> [About this task]:
Please reproduce the entries below exactly, starting at the first line and ending with the line that holds "和哒宰一起被港口Mafia追杀的日子".

> [Caption-style text data]:
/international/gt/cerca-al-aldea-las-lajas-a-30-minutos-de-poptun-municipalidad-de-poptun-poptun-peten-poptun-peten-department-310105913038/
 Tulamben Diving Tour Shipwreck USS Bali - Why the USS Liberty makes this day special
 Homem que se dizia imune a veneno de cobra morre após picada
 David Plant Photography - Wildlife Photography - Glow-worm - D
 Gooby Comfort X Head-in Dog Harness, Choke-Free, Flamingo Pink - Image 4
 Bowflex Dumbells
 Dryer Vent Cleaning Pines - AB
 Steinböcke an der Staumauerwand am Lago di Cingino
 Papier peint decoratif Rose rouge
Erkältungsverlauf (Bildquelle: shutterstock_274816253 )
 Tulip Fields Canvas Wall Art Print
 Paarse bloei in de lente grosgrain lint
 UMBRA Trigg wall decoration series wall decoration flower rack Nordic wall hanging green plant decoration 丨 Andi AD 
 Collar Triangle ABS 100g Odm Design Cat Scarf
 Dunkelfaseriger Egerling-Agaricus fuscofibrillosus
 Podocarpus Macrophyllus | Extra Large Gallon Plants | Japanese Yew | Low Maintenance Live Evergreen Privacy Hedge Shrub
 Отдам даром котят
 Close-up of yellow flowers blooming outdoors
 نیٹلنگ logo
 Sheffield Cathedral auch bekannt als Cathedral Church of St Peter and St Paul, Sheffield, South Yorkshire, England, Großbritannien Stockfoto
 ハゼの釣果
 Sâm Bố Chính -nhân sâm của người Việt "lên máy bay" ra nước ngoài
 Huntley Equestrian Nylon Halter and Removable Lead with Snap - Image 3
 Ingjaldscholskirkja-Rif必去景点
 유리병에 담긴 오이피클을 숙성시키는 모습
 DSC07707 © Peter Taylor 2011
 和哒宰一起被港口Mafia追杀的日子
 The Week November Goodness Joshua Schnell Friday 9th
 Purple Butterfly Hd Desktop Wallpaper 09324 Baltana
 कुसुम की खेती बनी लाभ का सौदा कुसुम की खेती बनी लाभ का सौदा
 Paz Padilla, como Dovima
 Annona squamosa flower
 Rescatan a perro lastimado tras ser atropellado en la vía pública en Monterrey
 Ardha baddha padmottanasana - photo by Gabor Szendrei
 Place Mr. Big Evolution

> [Response to the exercise]:
/international/gt/cerca-al-aldea-las-lajas-a-30-minutos-de-poptun-municipalidad-de-poptun-poptun-peten-poptun-peten-department-310105913038/
 Tulamben Diving Tour Shipwreck USS Bali - Why the USS Liberty makes this day special
 Homem que se dizia imune a veneno de cobra morre após picada
 David Plant Photography - Wildlife Photography - Glow-worm - D
 Gooby Comfort X Head-in Dog Harness, Choke-Free, Flamingo Pink - Image 4
 Bowflex Dumbells
 Dryer Vent Cleaning Pines - AB
 Steinböcke an der Staumauerwand am Lago di Cingino
 Papier peint decoratif Rose rouge
Erkältungsverlauf (Bildquelle: shutterstock_274816253 )
 Tulip Fields Canvas Wall Art Print
 Paarse bloei in de lente grosgrain lint
 UMBRA Trigg wall decoration series wall decoration flower rack Nordic wall hanging green plant decoration 丨 Andi AD 
 Collar Triangle ABS 100g Odm Design Cat Scarf
 Dunkelfaseriger Egerling-Agaricus fuscofibrillosus
 Podocarpus Macrophyllus | Extra Large Gallon Plants | Japanese Yew | Low Maintenance Live Evergreen Privacy Hedge Shrub
 Отдам даром котят
 Close-up of yellow flowers blooming outdoors
 نیٹلنگ logo
 Sheffield Cathedral auch bekannt als Cathedral Church of St Peter and St Paul, Sheffield, South Yorkshire, England, Großbritannien Stockfoto
 ハゼの釣果
 Sâm Bố Chính -nhân sâm của người Việt "lên máy bay" ra nước ngoài
 Huntley Equestrian Nylon Halter and Removable Lead with Snap - Image 3
 Ingjaldscholskirkja-Rif必去景点
 유리병에 담긴 오이피클을 숙성시키는 모습
 DSC07707 © Peter Taylor 2011
 和哒宰一起被港口Mafia追杀的日子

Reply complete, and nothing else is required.